Kenneth died in 2002, and, in the ensuing years, his three children and widow battled in court over the fate of Tuthill and his estate. After a 2010 court ruling, Nathan was able to buy the village, where he, Boucher, and their 13-year-old son, Kenny, live in the Greek Revival he grew up in. From a seven-dormer Federal-style house across the street, he runs Kenneth E. Tuttle Antiques on a part-time basis.

Meandering along Tuthill’s narrow streets, Nathan points out massive lilac bushes, walnut trees, and sugar maples, purchased as mature plants by Kenneth and brought here on a flatbed truck so that even the landscape would look old. At the top of the hill, where the homes occupied by Nathan’s mother and eight other tenants encircle an immaculately green lawn, their power lines buried underground to preserve the antique look, the preternatural stillness of Tuthill is disrupted by the roar of a riding lawnmower. “That’s Jason Lamb, of Gardiner,” Nathan says, pointing to the thin man hunched over the wheel, Tuthill’s sole full-time employee for the last 15 years.

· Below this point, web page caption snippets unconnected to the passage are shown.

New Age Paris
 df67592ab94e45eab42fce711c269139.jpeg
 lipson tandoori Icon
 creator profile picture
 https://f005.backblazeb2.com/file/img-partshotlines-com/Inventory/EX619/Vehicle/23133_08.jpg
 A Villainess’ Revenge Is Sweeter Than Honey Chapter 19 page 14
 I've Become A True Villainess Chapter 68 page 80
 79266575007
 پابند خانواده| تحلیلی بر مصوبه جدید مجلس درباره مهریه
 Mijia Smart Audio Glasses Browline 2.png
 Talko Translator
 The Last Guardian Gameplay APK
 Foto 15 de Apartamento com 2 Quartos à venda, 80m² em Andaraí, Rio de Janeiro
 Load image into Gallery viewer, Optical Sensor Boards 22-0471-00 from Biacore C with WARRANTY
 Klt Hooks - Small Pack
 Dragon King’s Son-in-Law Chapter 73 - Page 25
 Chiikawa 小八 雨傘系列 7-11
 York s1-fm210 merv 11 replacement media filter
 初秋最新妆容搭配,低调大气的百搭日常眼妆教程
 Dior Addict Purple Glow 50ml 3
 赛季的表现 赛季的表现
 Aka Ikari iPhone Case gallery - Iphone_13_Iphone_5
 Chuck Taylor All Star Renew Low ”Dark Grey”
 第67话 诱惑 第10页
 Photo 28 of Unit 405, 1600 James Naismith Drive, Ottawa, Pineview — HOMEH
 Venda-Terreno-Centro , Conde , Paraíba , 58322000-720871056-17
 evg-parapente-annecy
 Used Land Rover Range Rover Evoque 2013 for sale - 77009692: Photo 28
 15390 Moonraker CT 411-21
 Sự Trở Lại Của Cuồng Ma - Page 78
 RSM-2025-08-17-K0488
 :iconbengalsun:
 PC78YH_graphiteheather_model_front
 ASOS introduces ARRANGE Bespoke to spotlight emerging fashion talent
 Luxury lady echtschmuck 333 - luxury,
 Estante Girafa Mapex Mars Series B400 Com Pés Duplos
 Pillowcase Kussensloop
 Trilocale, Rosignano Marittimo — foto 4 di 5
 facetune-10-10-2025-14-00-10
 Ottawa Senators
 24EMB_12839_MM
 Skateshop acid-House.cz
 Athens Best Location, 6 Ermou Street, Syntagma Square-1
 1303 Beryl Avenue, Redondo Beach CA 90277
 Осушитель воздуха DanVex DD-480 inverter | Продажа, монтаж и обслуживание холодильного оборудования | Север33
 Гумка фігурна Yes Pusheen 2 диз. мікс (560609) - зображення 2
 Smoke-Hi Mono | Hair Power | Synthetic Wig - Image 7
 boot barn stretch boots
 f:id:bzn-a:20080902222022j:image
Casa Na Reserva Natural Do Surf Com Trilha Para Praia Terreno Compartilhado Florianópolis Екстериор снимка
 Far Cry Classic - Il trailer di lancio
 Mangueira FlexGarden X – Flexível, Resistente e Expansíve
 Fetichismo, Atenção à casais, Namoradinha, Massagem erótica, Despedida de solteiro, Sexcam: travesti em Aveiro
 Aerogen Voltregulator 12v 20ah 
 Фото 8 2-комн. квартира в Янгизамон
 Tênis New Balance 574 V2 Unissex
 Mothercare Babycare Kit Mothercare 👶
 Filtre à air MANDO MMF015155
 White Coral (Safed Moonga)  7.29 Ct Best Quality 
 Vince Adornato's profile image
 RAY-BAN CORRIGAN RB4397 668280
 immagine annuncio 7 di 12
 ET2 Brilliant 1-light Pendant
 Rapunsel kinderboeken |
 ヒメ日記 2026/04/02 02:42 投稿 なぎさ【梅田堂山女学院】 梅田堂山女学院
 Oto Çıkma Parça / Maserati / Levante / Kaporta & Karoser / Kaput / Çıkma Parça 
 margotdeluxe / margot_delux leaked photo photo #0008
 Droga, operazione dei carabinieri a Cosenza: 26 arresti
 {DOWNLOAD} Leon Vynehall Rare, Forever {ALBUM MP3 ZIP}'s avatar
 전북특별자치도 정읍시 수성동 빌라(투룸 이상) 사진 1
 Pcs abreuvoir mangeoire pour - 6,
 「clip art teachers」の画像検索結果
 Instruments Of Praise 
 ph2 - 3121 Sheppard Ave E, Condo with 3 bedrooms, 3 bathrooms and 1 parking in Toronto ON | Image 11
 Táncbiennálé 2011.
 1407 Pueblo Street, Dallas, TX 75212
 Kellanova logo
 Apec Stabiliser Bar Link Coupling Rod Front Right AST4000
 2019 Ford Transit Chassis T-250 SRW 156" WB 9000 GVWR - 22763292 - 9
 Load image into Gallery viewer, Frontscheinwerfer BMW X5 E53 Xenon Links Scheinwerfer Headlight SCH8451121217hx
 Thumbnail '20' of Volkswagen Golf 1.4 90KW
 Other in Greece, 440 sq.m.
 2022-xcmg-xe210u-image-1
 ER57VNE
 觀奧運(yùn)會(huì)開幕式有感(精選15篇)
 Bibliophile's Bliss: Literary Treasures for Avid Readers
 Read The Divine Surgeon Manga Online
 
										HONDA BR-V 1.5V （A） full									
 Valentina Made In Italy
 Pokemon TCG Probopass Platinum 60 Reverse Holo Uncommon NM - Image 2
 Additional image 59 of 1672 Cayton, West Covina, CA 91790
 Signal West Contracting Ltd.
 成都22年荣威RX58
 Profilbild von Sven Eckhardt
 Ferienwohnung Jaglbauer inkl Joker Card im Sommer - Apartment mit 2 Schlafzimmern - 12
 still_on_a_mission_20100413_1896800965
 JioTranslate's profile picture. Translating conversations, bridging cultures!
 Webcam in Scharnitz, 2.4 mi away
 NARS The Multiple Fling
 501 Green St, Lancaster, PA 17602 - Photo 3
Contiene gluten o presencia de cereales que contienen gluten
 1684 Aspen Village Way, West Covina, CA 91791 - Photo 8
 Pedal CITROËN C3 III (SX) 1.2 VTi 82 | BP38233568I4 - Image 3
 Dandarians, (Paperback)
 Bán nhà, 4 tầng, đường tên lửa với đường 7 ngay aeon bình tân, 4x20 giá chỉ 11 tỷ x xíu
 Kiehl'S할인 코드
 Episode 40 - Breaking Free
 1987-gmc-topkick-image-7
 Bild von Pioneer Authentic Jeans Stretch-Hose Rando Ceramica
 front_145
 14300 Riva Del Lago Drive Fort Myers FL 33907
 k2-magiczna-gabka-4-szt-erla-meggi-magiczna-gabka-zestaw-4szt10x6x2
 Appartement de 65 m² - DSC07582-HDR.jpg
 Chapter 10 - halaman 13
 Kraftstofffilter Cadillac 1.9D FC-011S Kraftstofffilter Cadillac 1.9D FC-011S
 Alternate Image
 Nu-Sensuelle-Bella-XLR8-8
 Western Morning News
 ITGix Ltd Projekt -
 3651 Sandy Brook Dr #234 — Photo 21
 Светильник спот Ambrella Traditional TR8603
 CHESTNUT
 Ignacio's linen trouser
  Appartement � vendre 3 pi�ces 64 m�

Some of the tenants have also been here for years, and Nathan hopes the future buyer will keep them on. But lately, he has felt less tethered to this place. “There was a time in my life when all this was important,” he says, gesturing toward a circa 1800 Federal hauled in from nearby Dresden by Kenneth. “When my father was here, it was important. But now he’s gone. It’s lost that edge for me.” He plans to keep up the antiques business from his next home, and continue adding to his collections of antique Fords, pre-Civil War grandfather clocks, and antique American furnishings. “I have a love for all that stuff and I always will,” he says. “I’ll never live with modern furniture. Anything from 1840 on, it’s all garbage.”